Für die Rolle des Tartuffe hat man Albrecht Abraham Schuch als Gast eingeladen. Der junge deutsche Schauspieler war unter anderem in der Daniel-Kehlmann-Verfilmung „Die Vermessung der Welt“ als Alexander von Humboldt zu sehen. Als Molières Wasser predigender und Wein trinkender Kopfparasit ist er weniger Verführer als Verblender. Er ist weder charmant noch besonders bigott, und er hat es schon gar nicht notwendig, Anstand vorzutäuschen. Er ist kein verdeckter Heuchler, sondern ein offener Lügner, die Art neupopulistischer politischer Heilsbringer, die sich selbst noch im größten Unrecht ins Recht setzt. Weil angesichts ihrer Schlagzahl beim Sprechen vernünftige Argumente wie im Wind verpuffen. Und man ahnt, aus welcher Richtung dieser Wind weht. Schuch spielt sehr schön den immer von allen Angegriffenen, stets böswillig Beschuldigten, ob dieser Zumutungen durchwegs leicht Beleidigten mit Verschlagenheit in der Stimme und mephistophelischem Seitenblick. Wie man das (er)kennt: Während er im Haushalt Orgons selbst der Aggressor ist, beklagt er natürlich den „aggressiven Tonfall“ der anderen.
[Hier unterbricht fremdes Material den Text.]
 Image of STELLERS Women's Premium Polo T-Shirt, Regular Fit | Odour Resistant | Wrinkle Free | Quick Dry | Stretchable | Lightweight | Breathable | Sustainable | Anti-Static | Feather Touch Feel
Auf deren Reaktionen richtet Alföldi sein Augenmerk. Im Zentrum seiner Molière-Essenz stehen die Erwiderungen auf und der Widerstand gegen Tartuffes Pläne, der verzweifelte Versuch der Familie Orgons den selbsternannten Moralapostel vom Sockel zu stoßen. Dabei sind die Rädelsführer die Frauen: Elisa Seydel als Gattin Elmire, Lisa Weidenmüller als Tochter Mariane und Swintha Gersthofer als Zofe Dorine. Sexappeal, Teenagerschnute und eine gehörige Portion Frechheit sind je nach Rangordnung die weiblichen Waffen ihrer Wahl, die Damen zeigen sich einmal mehr als vorzügliche Komödiantinnen, doch diesmal muss jedes Mittel versagen. Auch Michael Scherff als freigeistiger Schwager Cléante, Jan Walter als Sohn Damis, Pascal Groß als seine Liebe zu Mariane herausstotternder Valère und Julia von Sell, der als Madame Pernelle spät, aber doch die Einsicht kommt, können nichts mehr ausrichten. Und, wenn Cléante sagt, dass hier ein Frömmler mit falschem Wort vorgibt, um Werte zu kämpfen, „die auch wir verehren“, verschluckt man sich am Lachen. Wem wird in dieser Welt nicht alles Macht und Ämter angetragen.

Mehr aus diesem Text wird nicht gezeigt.